Return exactly, please, the lines from the one containing "Sterling Silver Antiqued" to the last line of the entries below, and nothing else, leaving pictures out.
_____
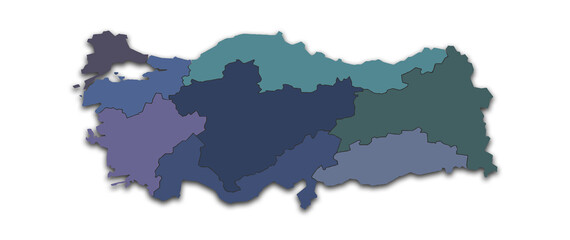 Türkiye MAP WITH ITS PROVINCES AND POLITICAL ADMINISTRATIVE DIVISIONS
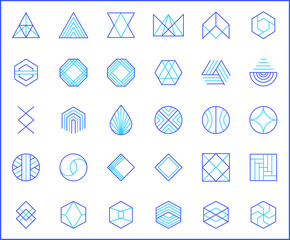 Wall Mural - Simple Set of geometric Related Vector Line Icons. Contains such Icons as diamond, octagon, Triangle, circle, hexagon, abstract, cube, linear symbols and more.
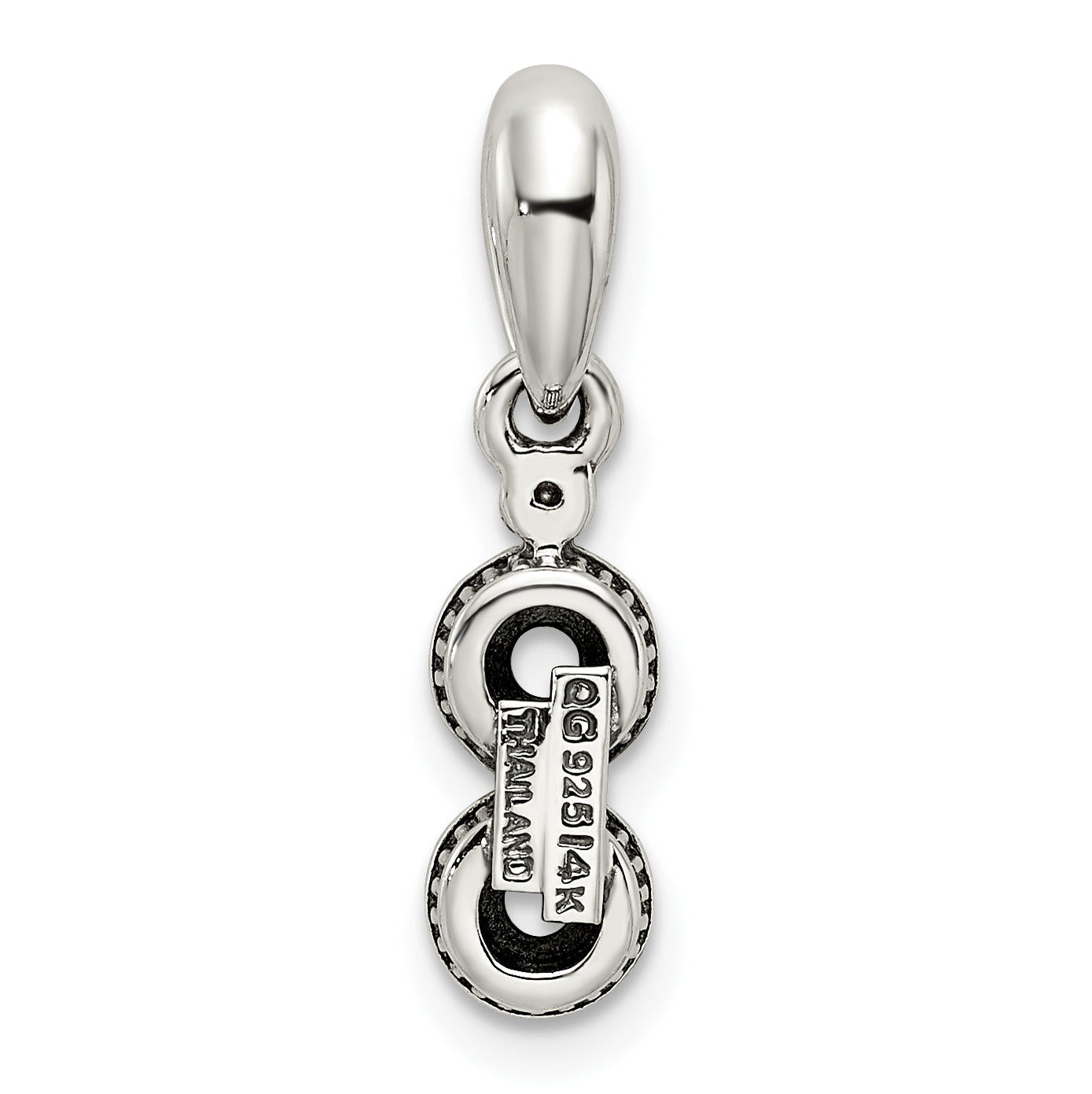 Sterling Silver Antiqued with 14k 2-stone with Diamond Mothers Pendant Semi-Mount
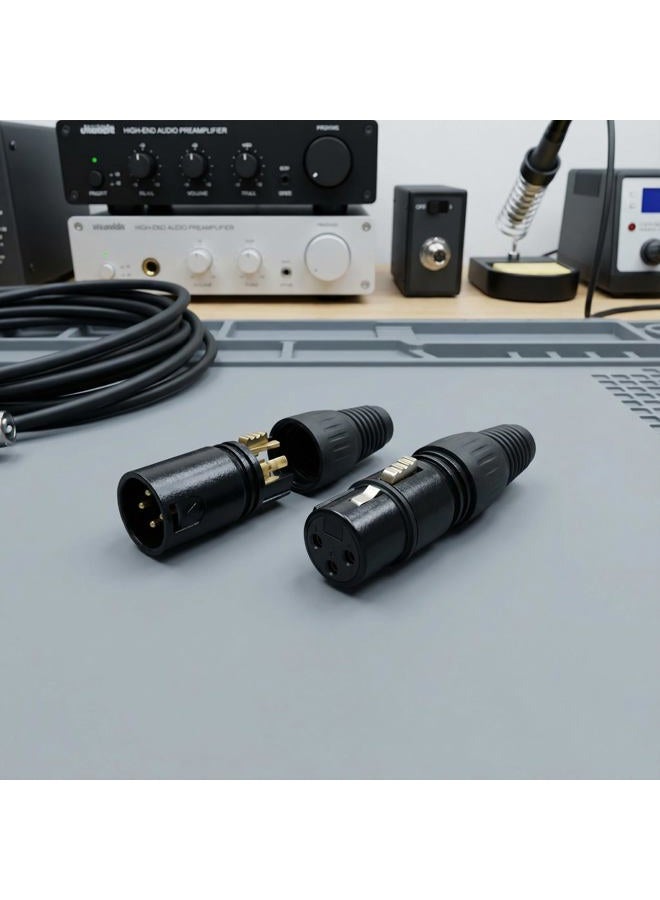 Gchee 10 Pairs DMX XLR 3 Pin Male/Female Audio Mic Snake Plug Audio Microphone Cable Connector, Black Housing - Image 4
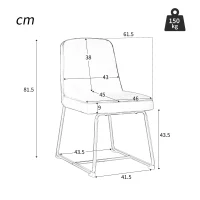Set de 2 scaune de sufragerie din catifea, scaun tapițat cu spătar pentru sufragerie/living, 46x45x81,5 cm, Verde(m-3)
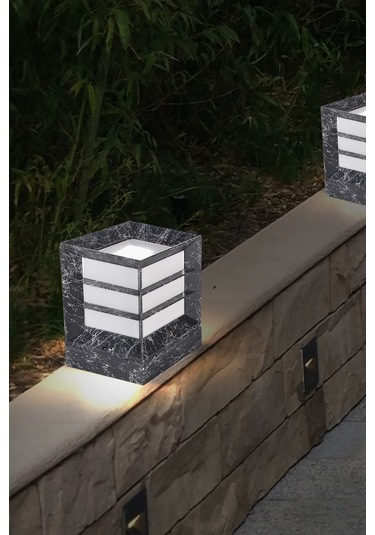 Mermer Desen Plastik Kare Küp Bahçe  Aydınlatma Armatürü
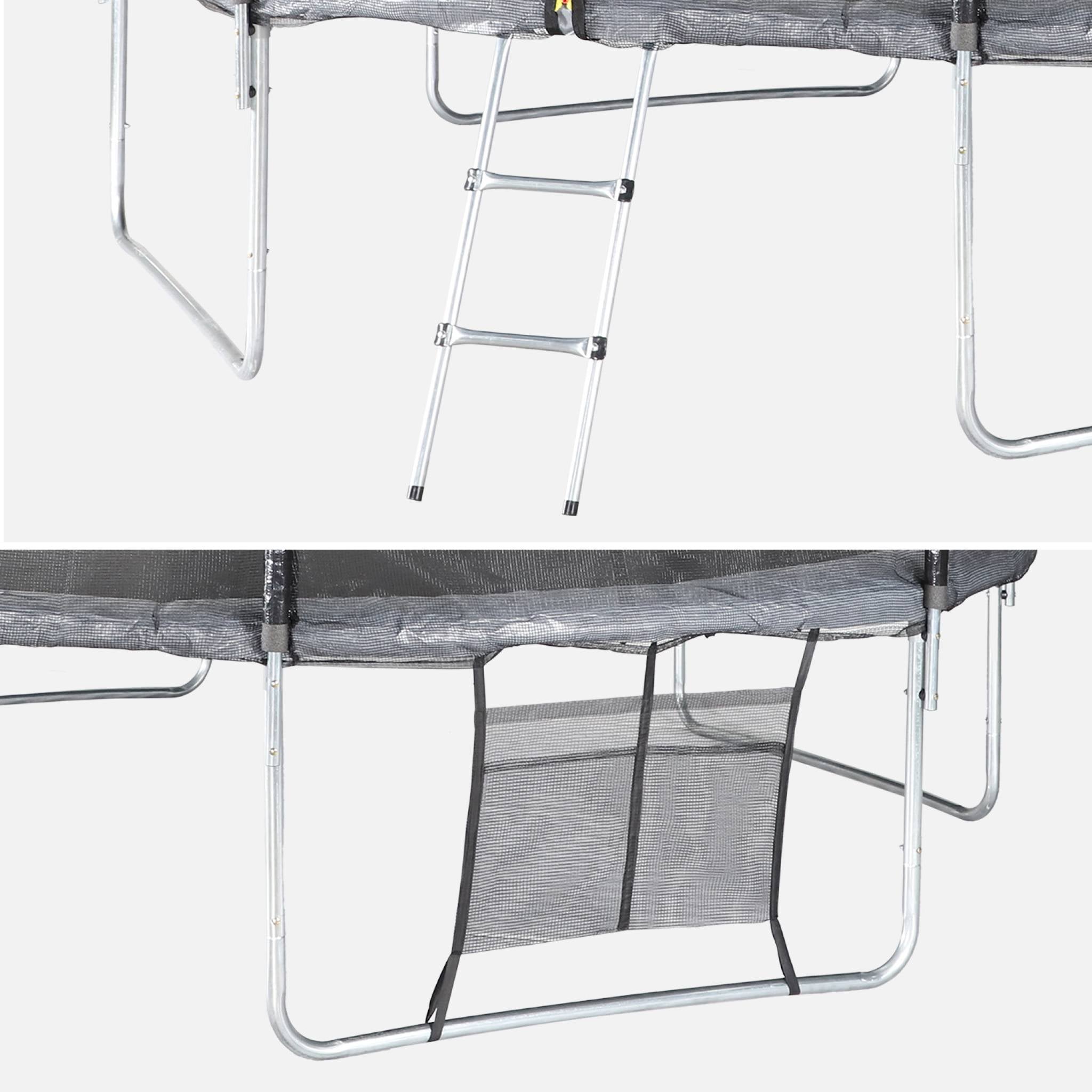 Trampolino 370cm con pacchetto di accessori, grigio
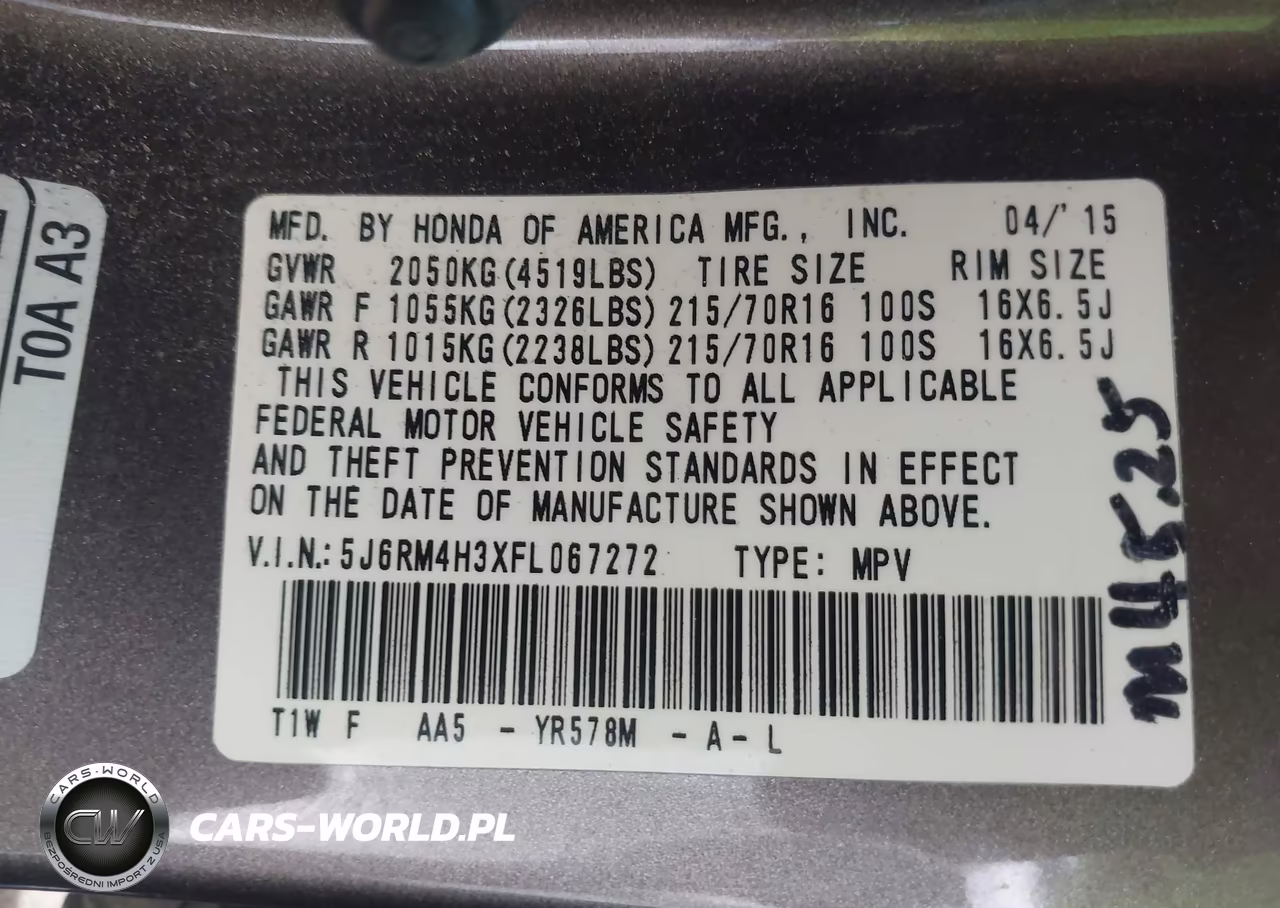 2015 Honda Cr-V Lx VIN:5J6RM4H3XFL067272 - 9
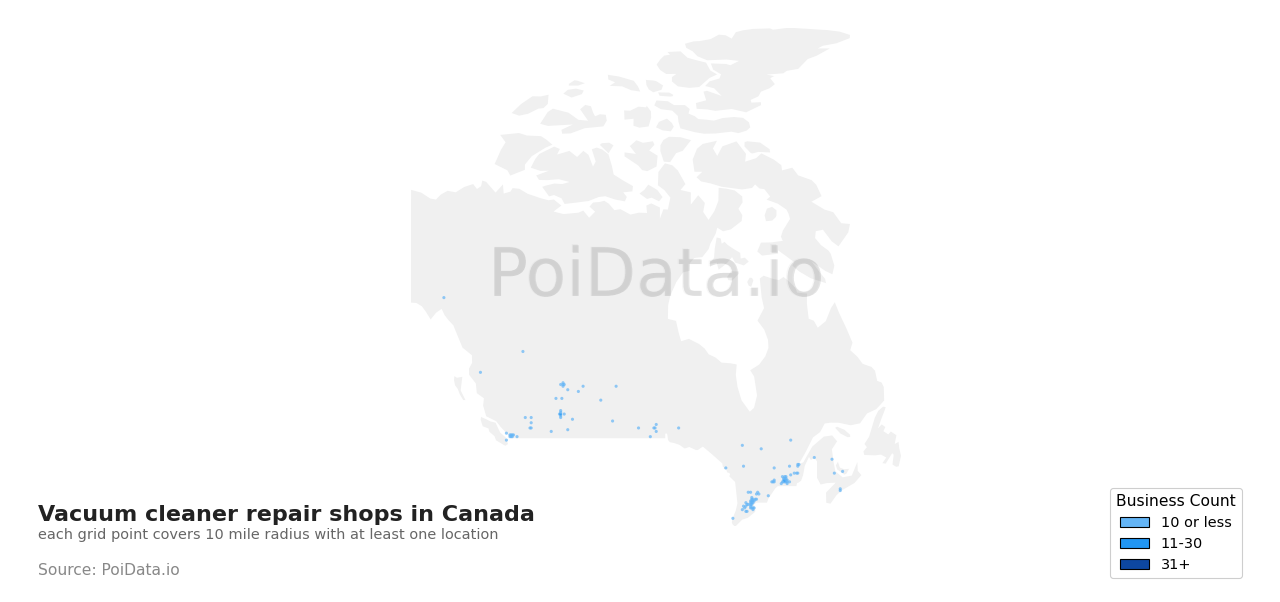 Vacuum cleaner repair shop density map for Canada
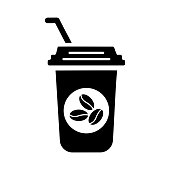 istock Drink, coffee icon, Black vector is isolated on a white background 1268951505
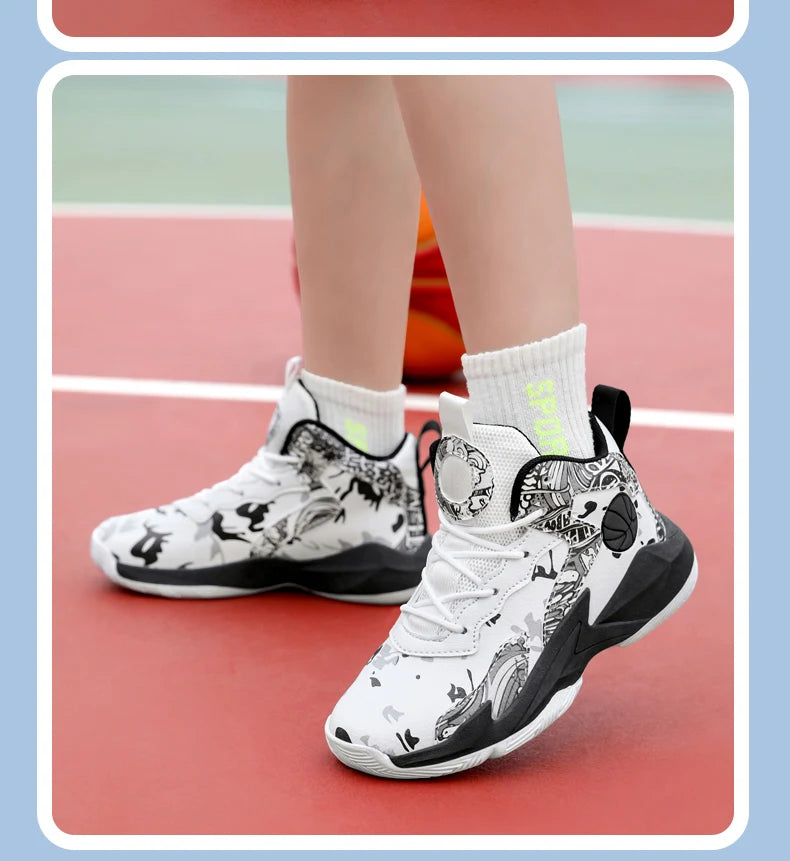 Children’s Basketball Shoes – High-Top, Anti-Slip Trainers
_____
| TASK RESULT |
 Sterling Silver Antiqued with 14k 2-stone with Diamond Mothers Pendant Semi-Mount
 Gchee 10 Pairs DMX XLR 3 Pin Male/Female Audio Mic Snake Plug Audio Microphone Cable Connector, Black Housing - Image 4
Set de 2 scaune de sufragerie din catifea, scaun tapițat cu spătar pentru sufragerie/living, 46x45x81,5 cm, Verde(m-3)
 Mermer Desen Plastik Kare Küp Bahçe  Aydınlatma Armatürü
 Trampolino 370cm con pacchetto di accessori, grigio
 2015 Honda Cr-V Lx VIN:5J6RM4H3XFL067272 - 9
 Vacuum cleaner repair shop density map for Canada
 istock Drink, coffee icon, Black vector is isolated on a white background 1268951505
 Children’s Basketball Shoes – High-Top, Anti-Slip Trainers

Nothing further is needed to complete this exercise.